----- Supplied material

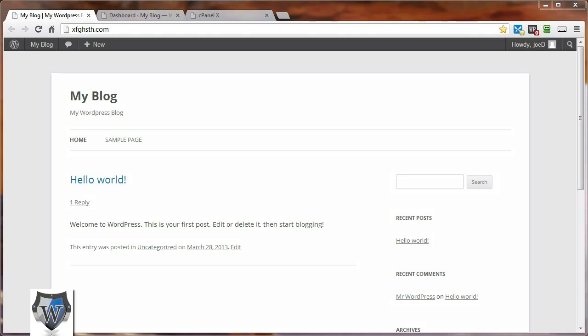One of the ways a hacker will attempt to break into your WordPress site is by trying to guess your administration login username and password. They'll do this by using a software program that can guess hundreds of possibilities in minutes. If you're not using strong usernames or unguessable passwords, your site's about to be hacked.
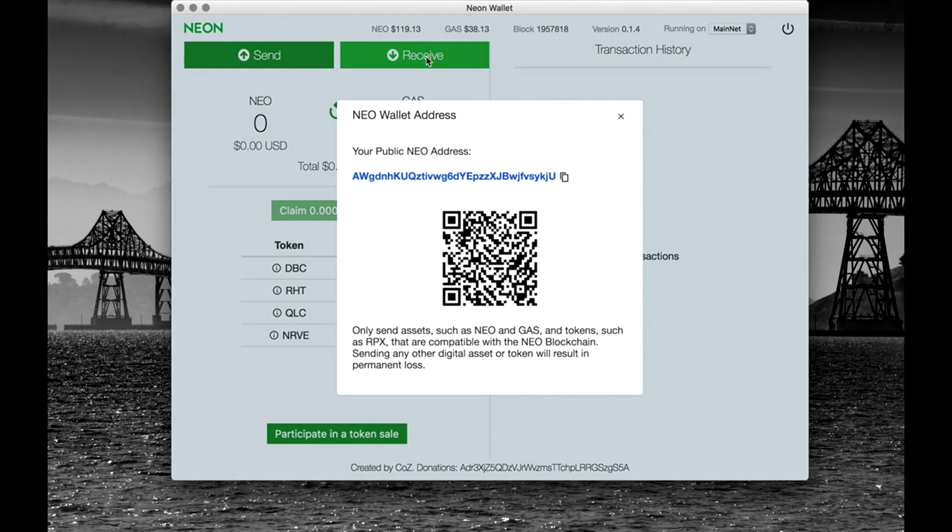For receiving NEO, use your public address. This can be safely shared with others. NEO is non-divisible and currently there is no charge for sending NEO or GAS within the network. Be mindful though of fees in other types of transactions.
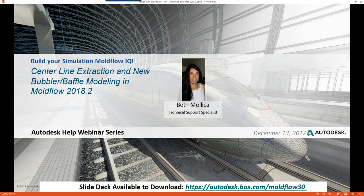Hi everyone, and thanks for joining today's Moldflow webinar. My name is Beth, and today we will be discussing centerline extraction and the new bubbler and baffle modeling available in Moldflow Insight 2018.2. Throughout the presentation, please feel free to ask us questions along the way, and we'll do our best to get them answered for you.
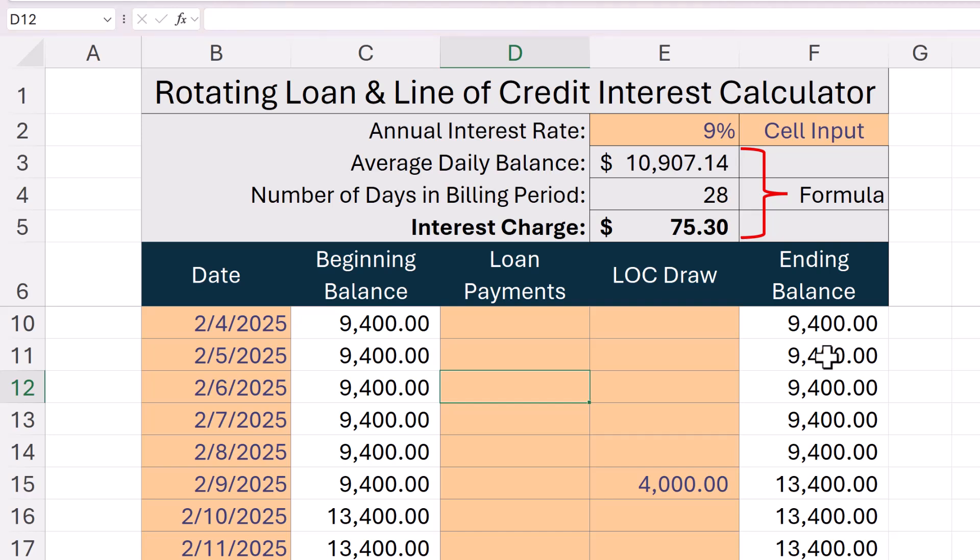With this file you should be able to calculate it, but there's one caveat: since their system is calculating and charging the interest, the amount will be based on when they post the payment, not necessarily when you send or transmit it. Keep that in mind — it's always best to confirm the balances with the lender online or through a paper statement.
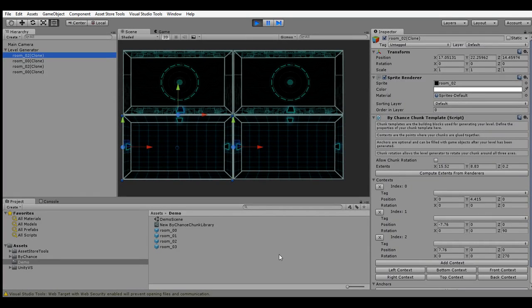Hello there and welcome back. This is Nick Brüs, one of the developers of the ByChance Level Generation Framework. Today we're going to take a closer look at some of the more advanced features of the Level Generation Framework, namely stuff like filling your level with game objects like enemies and items, and some of the post-processing you can apply.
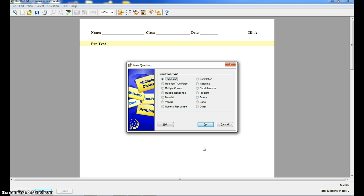multiple choice, short answer, matching, pretty much anything that you would do with any other type of test. So let's do a true false question. It's already marked true false, so I'll click OK.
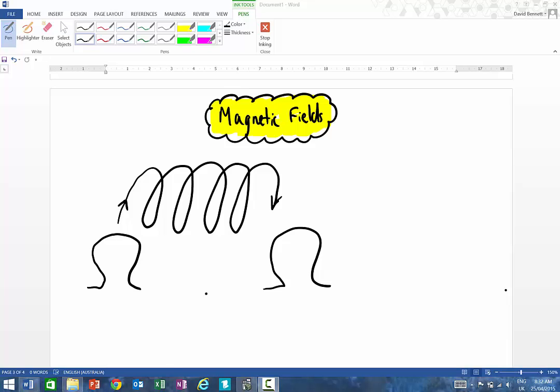G'day guys, Mr. Bennett here. Today we're going to talk about making magnets.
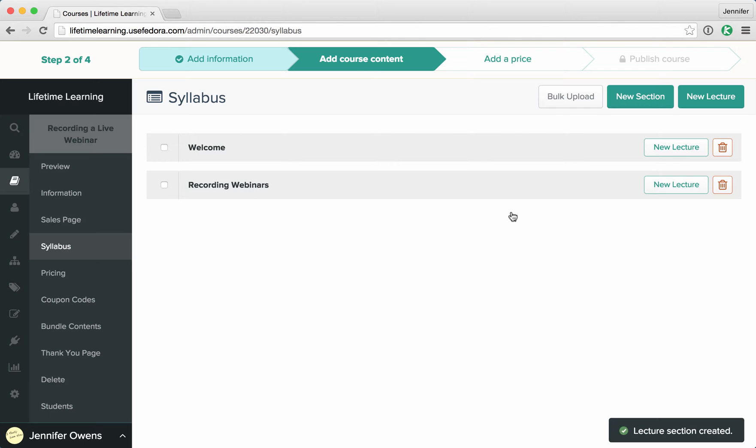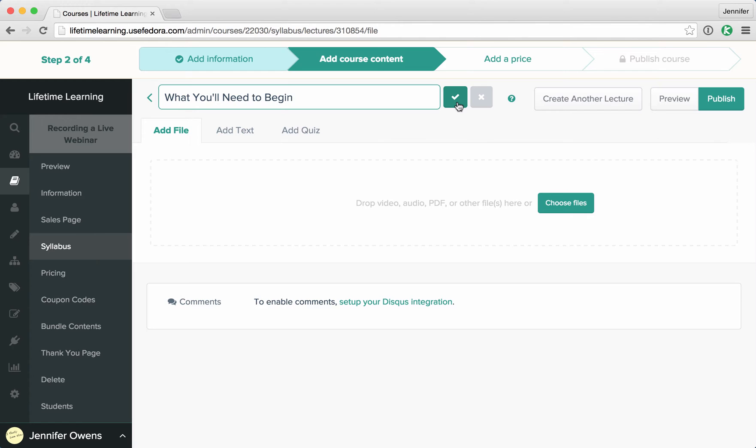I want to add a new lecture to this second section. I'll click new lecture and give it a name and click the check or press enter when you're done.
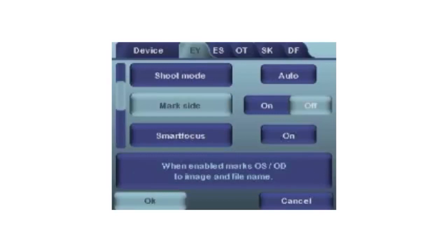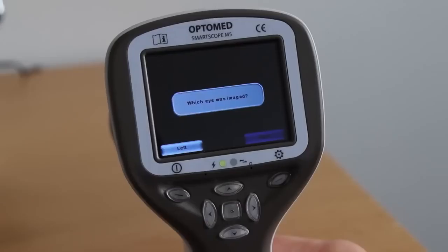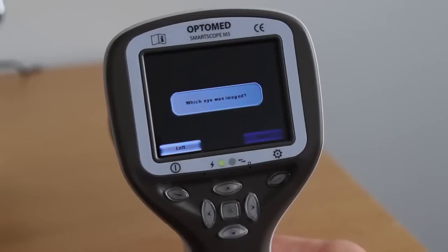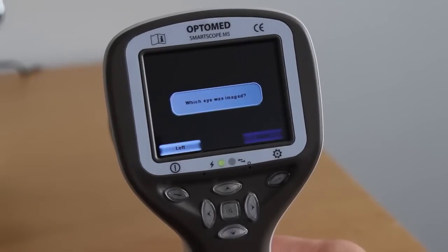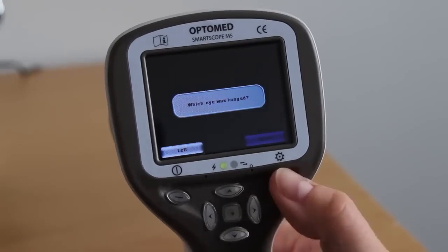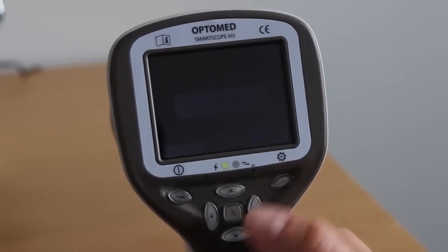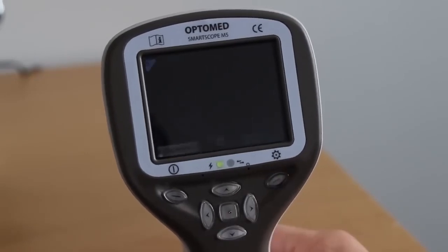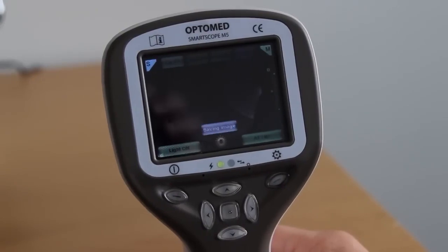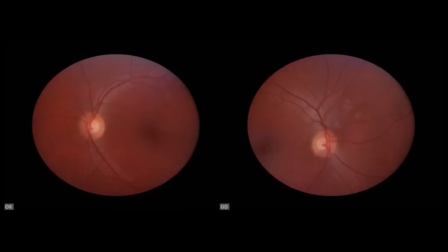Mark side: After each image, it is possible to mark which eye was examined. Marking side feature is enabled from the EY menu. When enabled, the camera will prompt the user to verify left eye or right eye after the captured image. The side is marked to the file name and the image with the identifiers OS for left eye and OD for right eye.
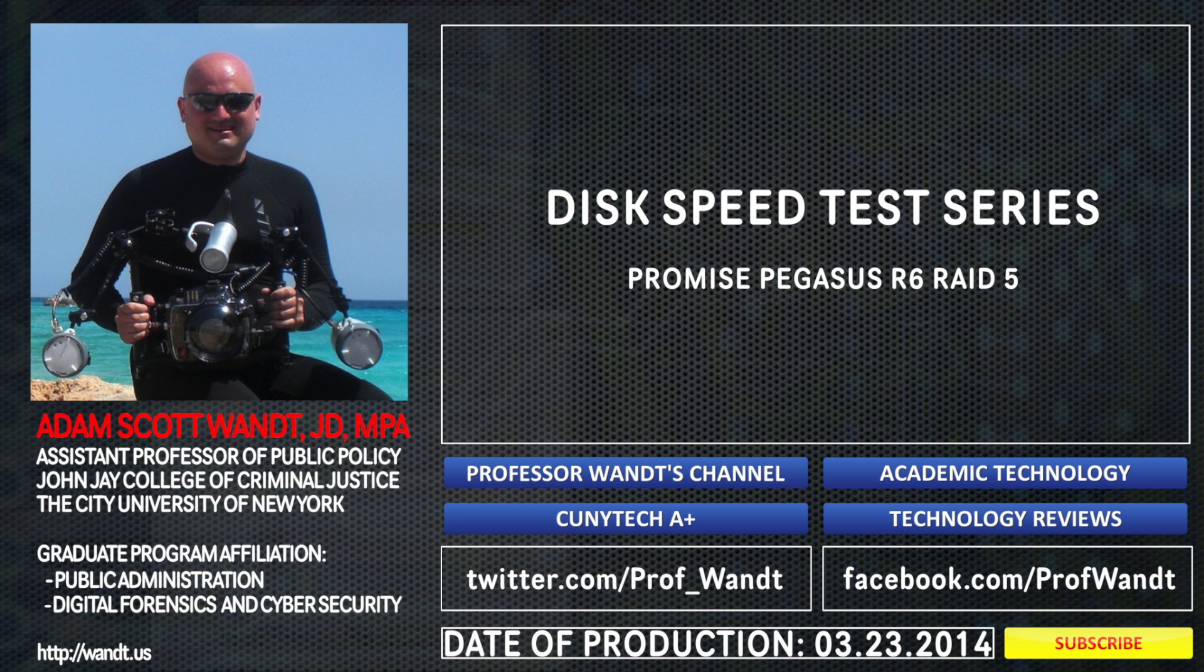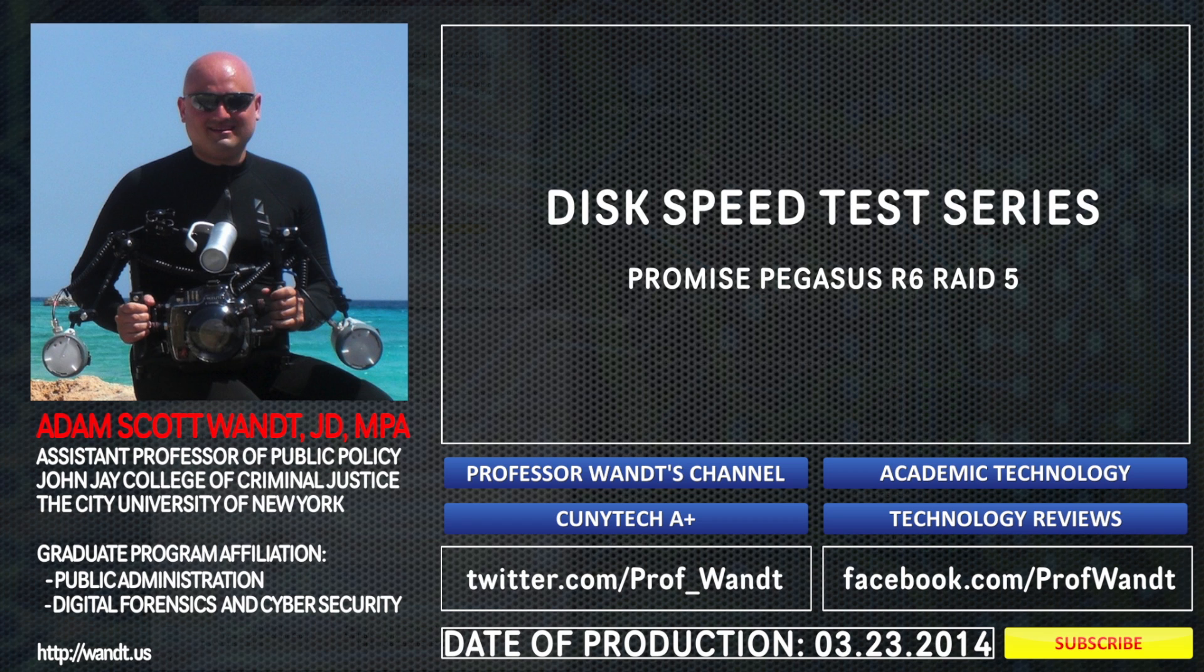My name is Adam Want. I'm a professor and technologist from John Jay College of Criminal Justice, which is part of the City University of New York. If you have any questions, please feel free to reach out to me on YouTube.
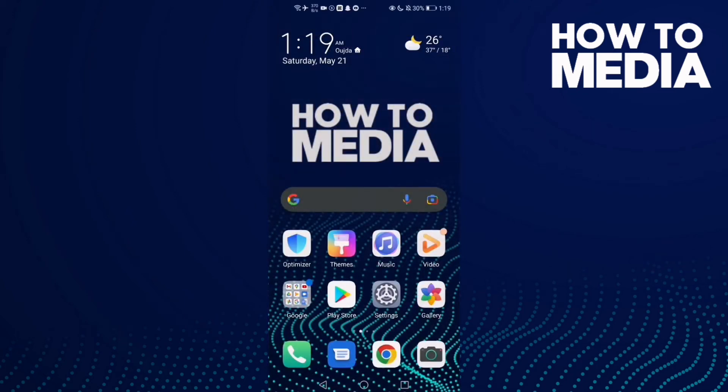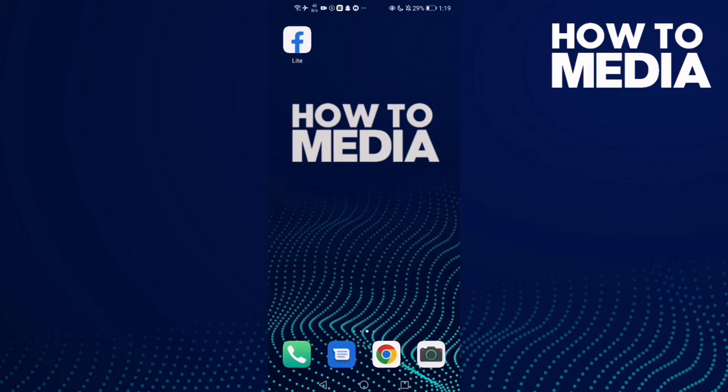How to turn on comments notifications on Facebook Lite. Hello guys, in today's video I'm going to show you how to turn on comments notifications on Facebook Lite. First thing, go to Facebook Lite.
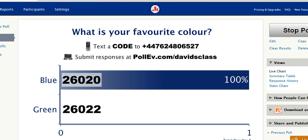Now if you can imagine if you've got a classroom of 10, 15 or more people all texting in their answers to the poll, you'll instantly get a really good summary of people's opinions. I think this is a really good way of engaging students, getting them to use their mobile phones in a learning situation, and it's very interactive. I've used it a few times and I'm really pleased with the students' reaction and the learning that can be done using this system.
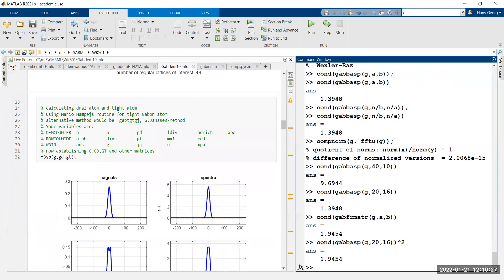This gives you insight into the situation. In the standard case, we are looking at the Gabor atom and its Fourier transform. The F3spec routine uses a slightly different convention, and F2spec has the unitary Fourier transform. You can also compute the dual atom and the tight atom.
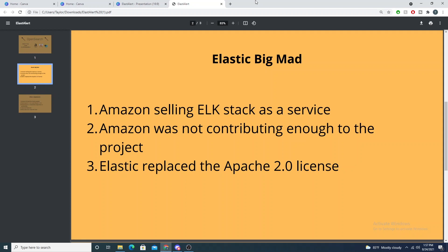Elasticsearch got mad because Amazon was benefiting financially from selling this service, and Elastic also got mad because Amazon wasn't contributing enough to the project. With any open source tools, anyone is free to contribute, but Elastic didn't feel that Amazon was contributing enough in future development and product features. The Apache 2.0 license that Elastic was previously deployed with didn't forbid Amazon from selling their solutions as a service and profiting off of it.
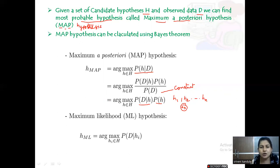From this we can also compute the maximum likelihood hypothesis, or ML hypothesis. H_ML = argmax over h in H of p(d|h). So it uses only the conditional probability term. Applying argmax on the conditional probability across all hypotheses gives the maximum likelihood hypothesis.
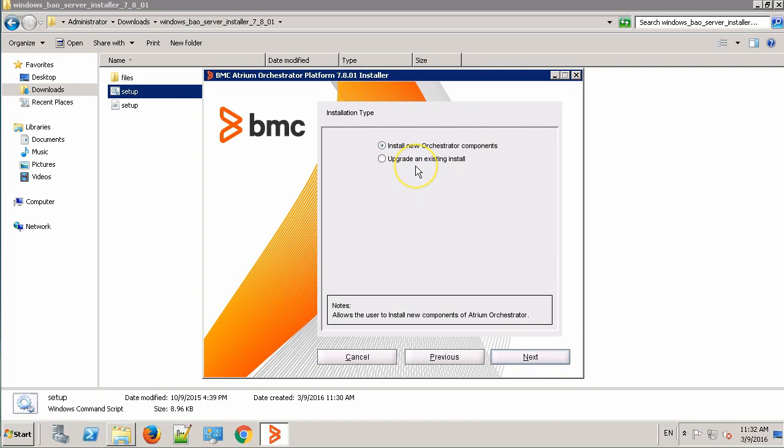Over here, we are performing a fresh install of the components, so we'll select the first radio button. Click Next.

----------

» Activity
Copy the data word for word and omit every picture.

» Reply to the exercise
One of the ways a hacker will attempt to break into your WordPress site is by trying to guess your administration login username and password. They'll do this by using a software program that can guess hundreds of possibilities in minutes. If you're not using strong usernames or unguessable passwords, your site's about to be hacked.
For receiving NEO, use your public address. This can be safely shared with others. NEO is non-divisible and currently there is no charge for sending NEO or GAS within the network. Be mindful though of fees in other types of transactions.
Hi everyone, and thanks for joining today's Moldflow webinar. My name is Beth, and today we will be discussing centerline extraction and the new bubbler and baffle modeling available in Moldflow Insight 2018.2. Throughout the presentation, please feel free to ask us questions along the way, and we'll do our best to get them answered for you.
With this file you should be able to calculate it, but there's one caveat: since their system is calculating and charging the interest, the amount will be based on when they post the payment, not necessarily when you send or transmit it. Keep that in mind — it's always best to confirm the balances with the lender online or through a paper statement.
Hello there and welcome back. This is Nick Brüs, one of the developers of the ByChance Level Generation Framework. Today we're going to take a closer look at some of the more advanced features of the Level Generation Framework, namely stuff like filling your level with game objects like enemies and items, and some of the post-processing you can apply.
multiple choice, short answer, matching, pretty much anything that you would do with any other type of test. So let's do a true false question. It's already marked true false, so I'll click OK.
G'day guys, Mr. Bennett here. Today we're going to talk about making magnets.
I want to add a new lecture to this second section. I'll click new lecture and give it a name and click the check or press enter when you're done.
Mark side: After each image, it is possible to mark which eye was examined. Marking side feature is enabled from the EY menu. When enabled, the camera will prompt the user to verify left eye or right eye after the captured image. The side is marked to the file name and the image with the identifiers OS for left eye and OD for right eye.
My name is Adam Want. I'm a professor and technologist from John Jay College of Criminal Justice, which is part of the City University of New York. If you have any questions, please feel free to reach out to me on YouTube.
How to turn on comments notifications on Facebook Lite. Hello guys, in today's video I'm going to show you how to turn on comments notifications on Facebook Lite. First thing, go to Facebook Lite.
Now if you can imagine if you've got a classroom of 10, 15 or more people all texting in their answers to the poll, you'll instantly get a really good summary of people's opinions. I think this is a really good way of engaging students, getting them to use their mobile phones in a learning situation, and it's very interactive. I've used it a few times and I'm really pleased with the students' reaction and the learning that can be done using this system.
This gives you insight into the situation. In the standard case, we are looking at the Gabor atom and its Fourier transform. The F3spec routine uses a slightly different convention, and F2spec has the unitary Fourier transform. You can also compute the dual atom and the tight atom.
Elasticsearch got mad because Amazon was benefiting financially from selling this service, and Elastic also got mad because Amazon wasn't contributing enough to the project. With any open source tools, anyone is free to contribute, but Elastic didn't feel that Amazon was contributing enough in future development and product features. The Apache 2.0 license that Elastic was previously deployed with didn't forbid Amazon from selling their solutions as a service and profiting off of it.
From this we can also compute the maximum likelihood hypothesis, or ML hypothesis. H_ML = argmax over h in H of p(d|h). So it uses only the conditional probability term. Applying argmax on the conditional probability across all hypotheses gives the maximum likelihood hypothesis.
Over here, we are performing a fresh install of the components, so we'll select the first radio button. Click Next.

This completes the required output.